╭──

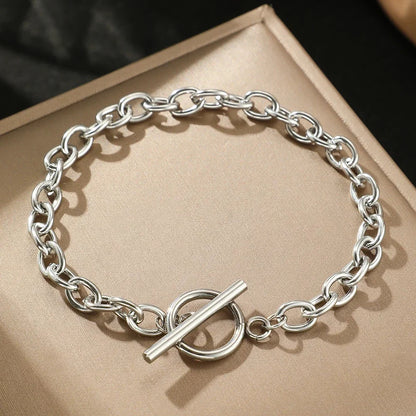 Paperclip Circle Bar Bracelet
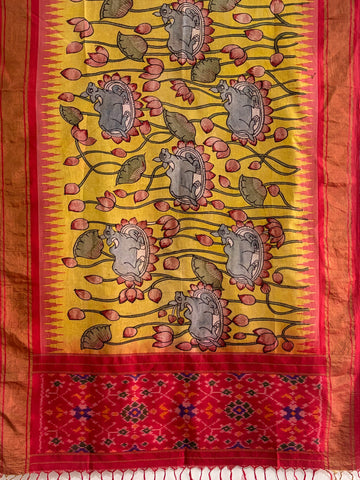 FUSION IKKAT × PEN KALAMKARI ✨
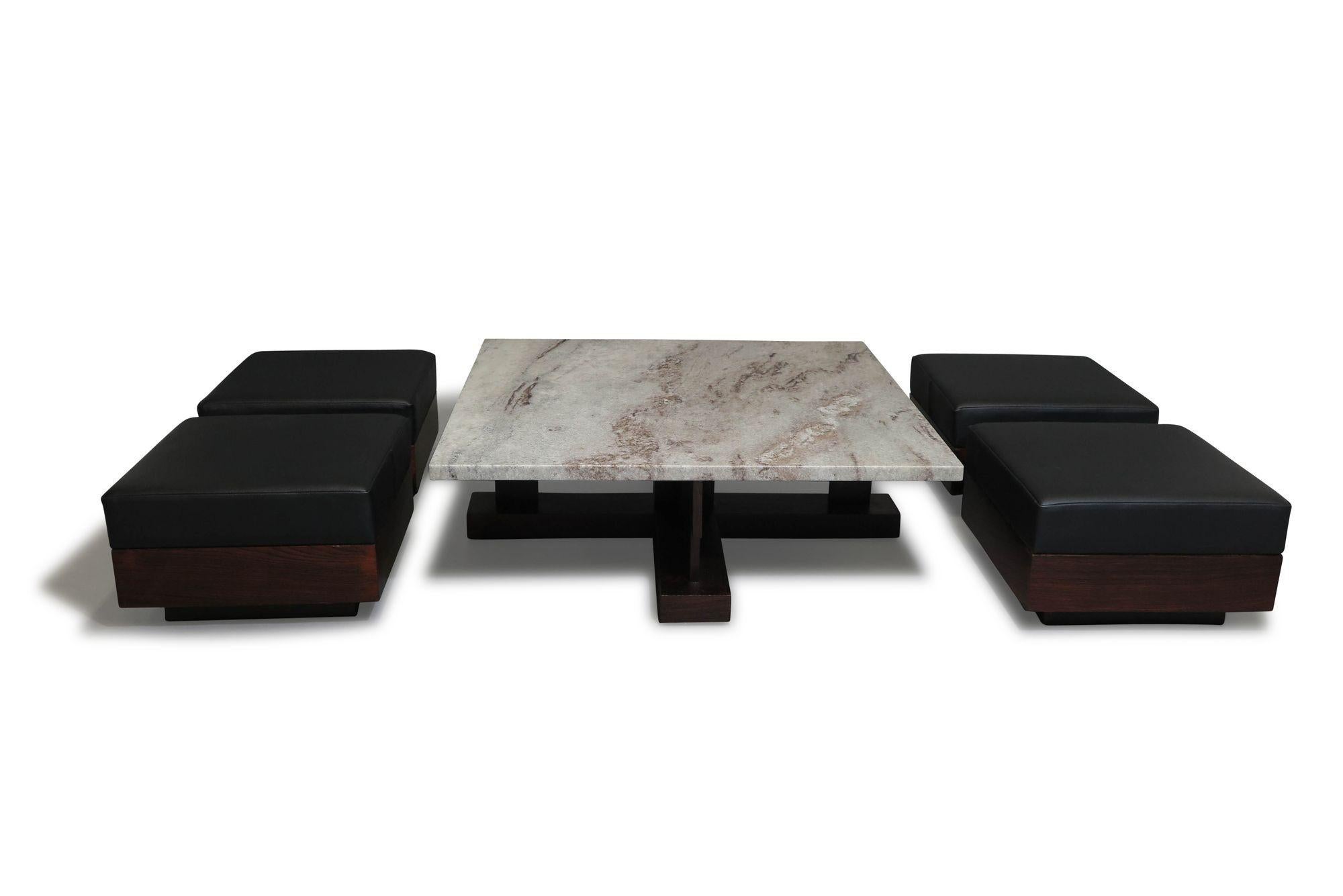 Celina Decorações Brazilian Modern Rosewood Coffee Table With Ottoman Benches For Sale 3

╰──

A word-for-word copy of the listing is the goal; keep every picture out of it.

Written solution:
 Paperclip Circle Bar Bracelet
 FUSION IKKAT × PEN KALAMKARI ✨
 Celina Decorações Brazilian Modern Rosewood Coffee Table With Ottoman Benches For Sale 3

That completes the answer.